▸ Task description: From first line to last, copy the listing exactly and omit its pictures.

━━━ Data excerpt

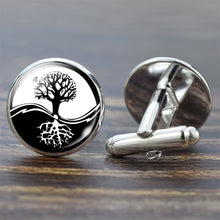 Load image into Gallery viewer, Tree of Life Cufflinks for Men Best Man Cufflinks Set Cufflinks Wedding Life Tree Suit Shirt Silver Cuff Links Men Accessories
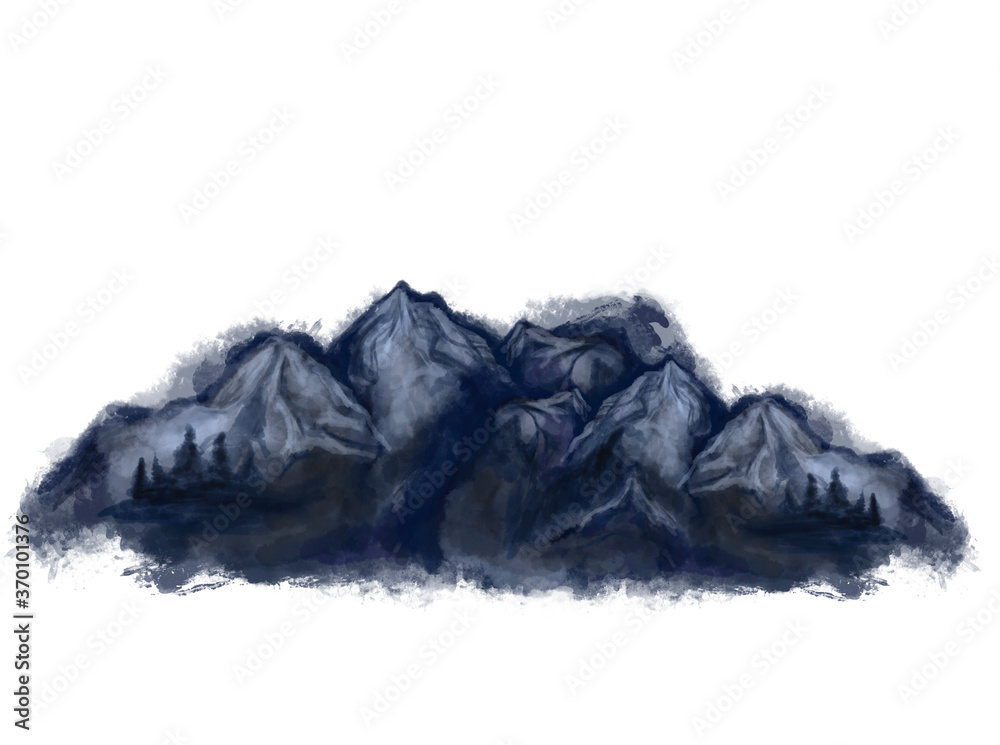 Blue mountains. Hand drawn watercolor blue scenic rocks. Isolated on white background drawing for textile prints, child poster, cute stationery, travel design. High quality landscape.Adventure concept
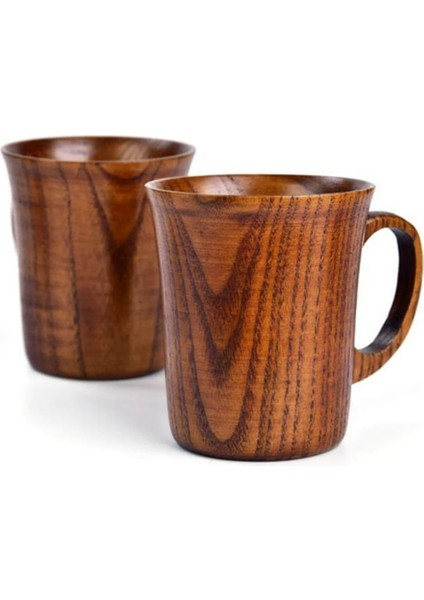 Ahşap Ahşap Bardak 400ML Doğal Ahşap Tahıl Klasik El Işi Fincan Kahve Süt Suyu Yaratıcı Çay Bardağı Kupa Japon Tarzı (Yurt Dışından)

━━━━━━

▸ Result of the exercise:
 Load image into Gallery viewer, Tree of Life Cufflinks for Men Best Man Cufflinks Set Cufflinks Wedding Life Tree Suit Shirt Silver Cuff Links Men Accessories
 Blue mountains. Hand drawn watercolor blue scenic rocks. Isolated on white background drawing for textile prints, child poster, cute stationery, travel design. High quality landscape.Adventure concept
 Ahşap Ahşap Bardak 400ML Doğal Ahşap Tahıl Klasik El Işi Fincan Kahve Süt Suyu Yaratıcı Çay Bardağı Kupa Japon Tarzı (Yurt Dışından)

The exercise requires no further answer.